▸ **Task statement**:
Look for the line containing "Gilet type boléro" and the line containing "臺(tái)上藝術(shù)碗盆的保養(yǎng)與清潔方法" in the entries below. Copy those two and all lines between them exactly, leaving out pictures.

▸ **Records shown**:

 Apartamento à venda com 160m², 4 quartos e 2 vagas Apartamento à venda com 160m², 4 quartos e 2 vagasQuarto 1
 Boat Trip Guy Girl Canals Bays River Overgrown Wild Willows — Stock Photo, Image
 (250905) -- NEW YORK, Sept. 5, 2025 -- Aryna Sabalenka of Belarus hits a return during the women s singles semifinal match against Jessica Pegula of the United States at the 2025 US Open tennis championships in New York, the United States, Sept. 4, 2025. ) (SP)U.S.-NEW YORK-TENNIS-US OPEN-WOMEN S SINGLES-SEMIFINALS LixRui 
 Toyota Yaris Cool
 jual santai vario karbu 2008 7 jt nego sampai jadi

--

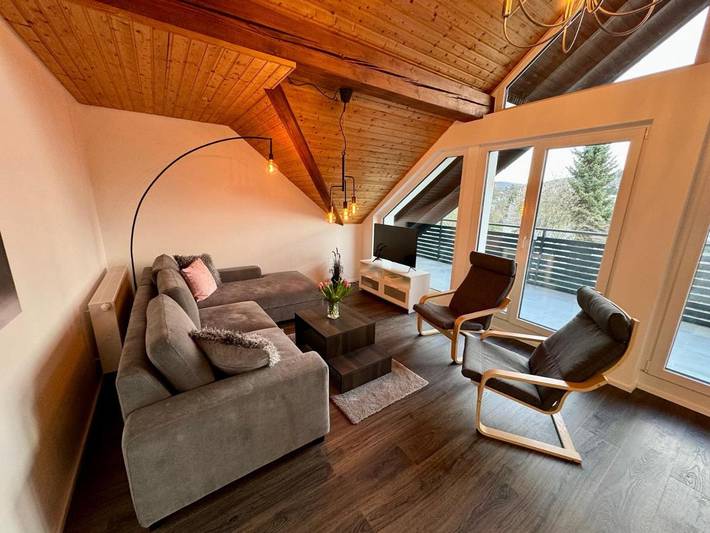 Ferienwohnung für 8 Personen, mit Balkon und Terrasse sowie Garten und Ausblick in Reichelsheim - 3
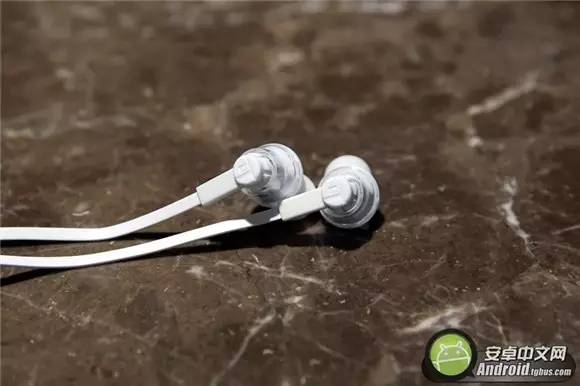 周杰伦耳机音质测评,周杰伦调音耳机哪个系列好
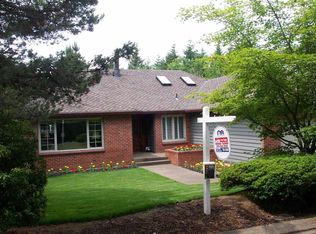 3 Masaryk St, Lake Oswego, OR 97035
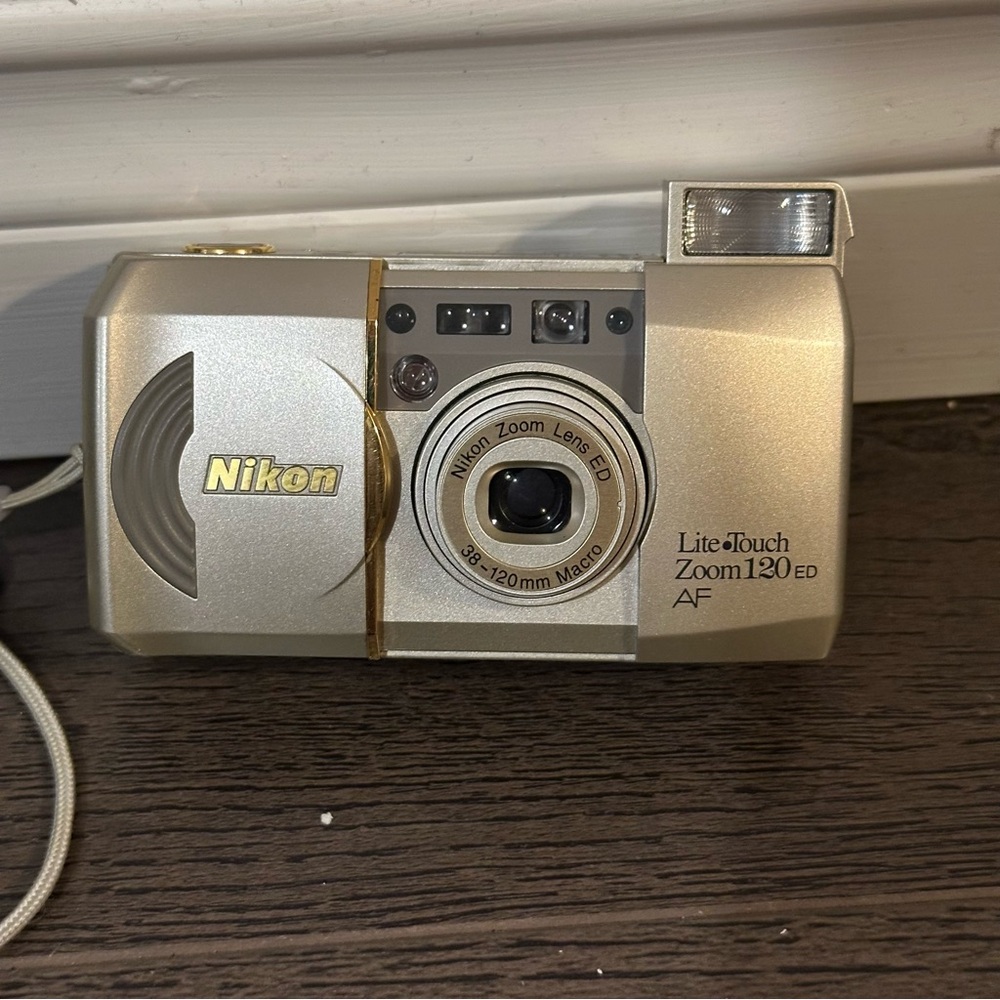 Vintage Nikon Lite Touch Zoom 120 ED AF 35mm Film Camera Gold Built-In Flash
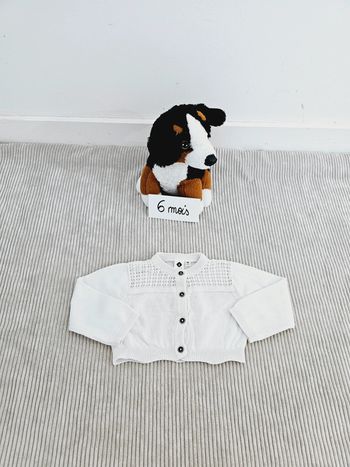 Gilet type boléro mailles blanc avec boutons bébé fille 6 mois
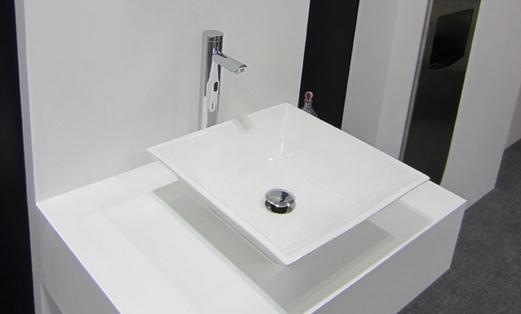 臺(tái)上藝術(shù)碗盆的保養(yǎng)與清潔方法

--

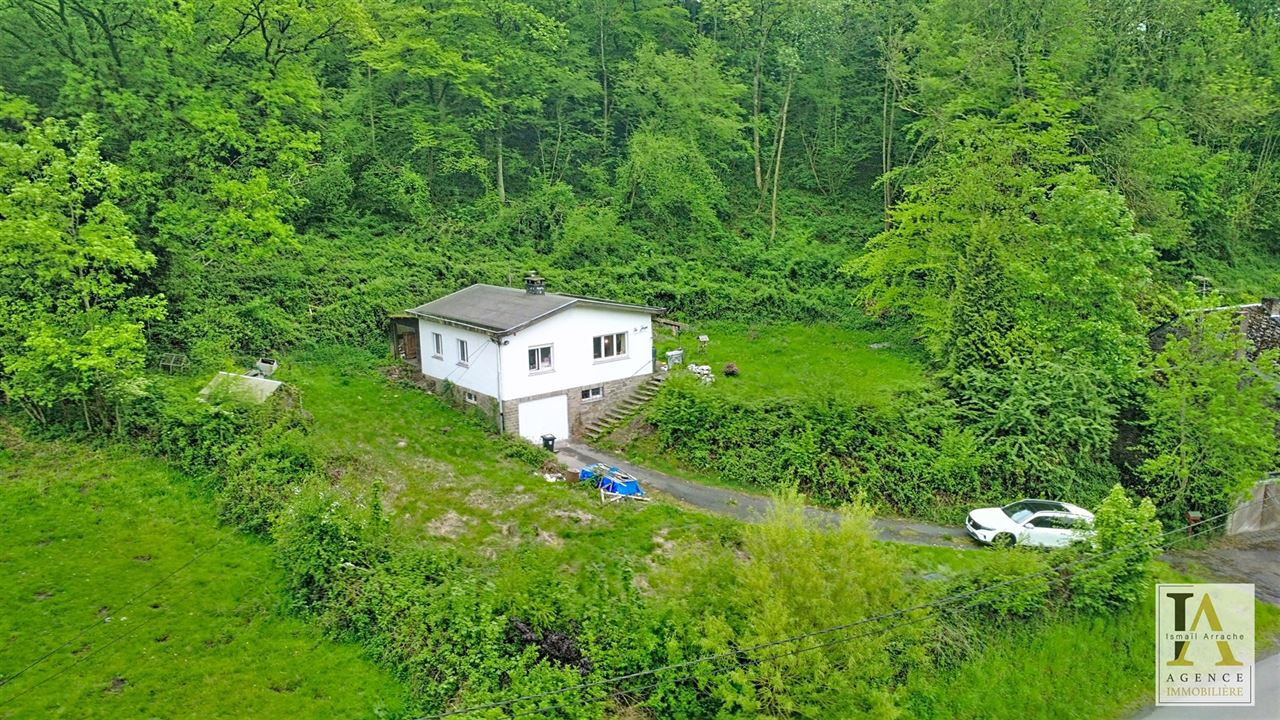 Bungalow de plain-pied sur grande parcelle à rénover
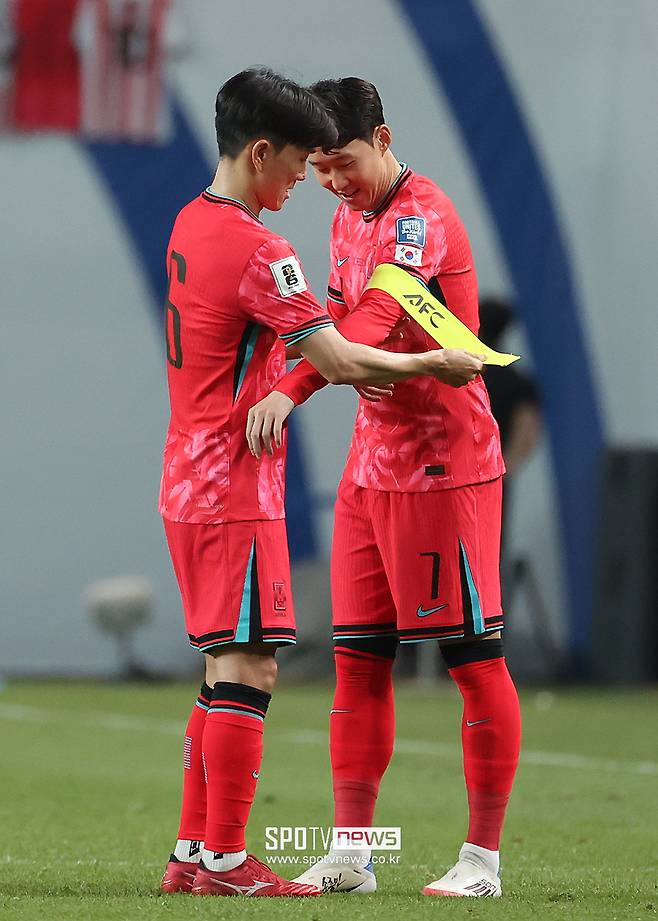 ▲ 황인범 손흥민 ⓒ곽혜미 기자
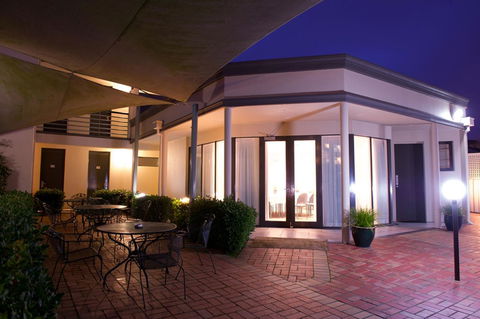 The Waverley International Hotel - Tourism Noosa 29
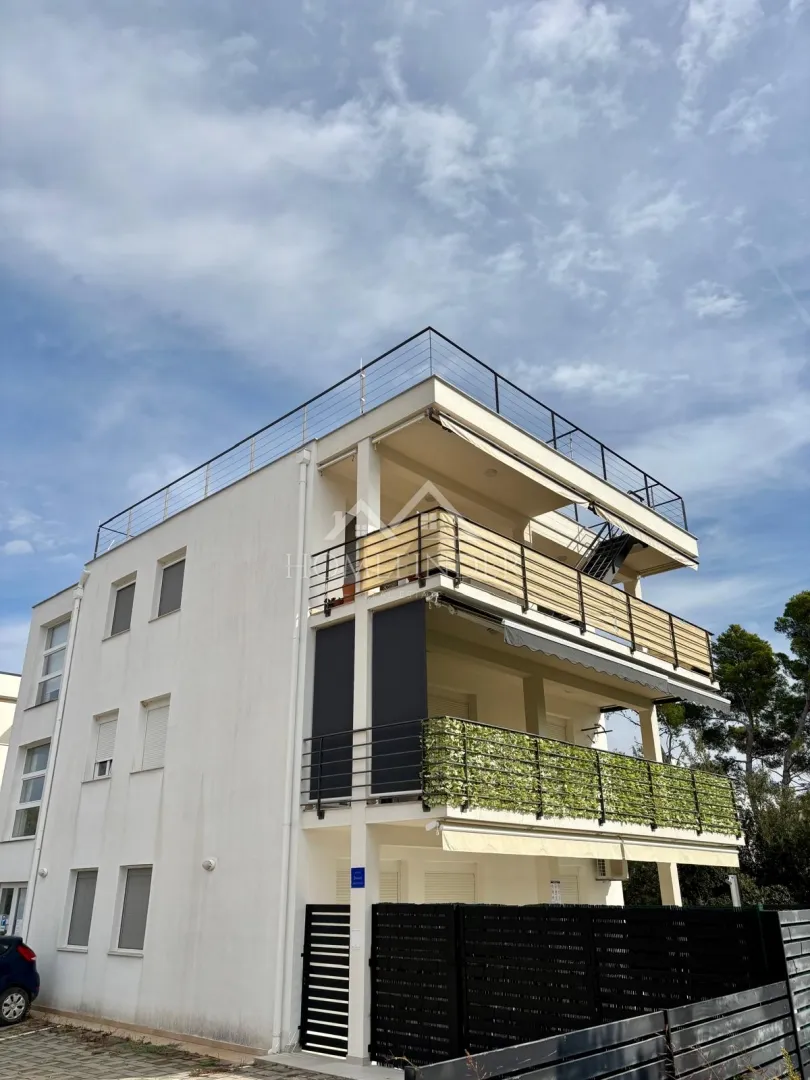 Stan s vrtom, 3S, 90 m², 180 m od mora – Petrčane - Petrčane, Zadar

▸ **Result for this exercise**:
 Gilet type boléro mailles blanc avec boutons bébé fille 6 mois
 臺(tái)上藝術(shù)碗盆的保養(yǎng)與清潔方法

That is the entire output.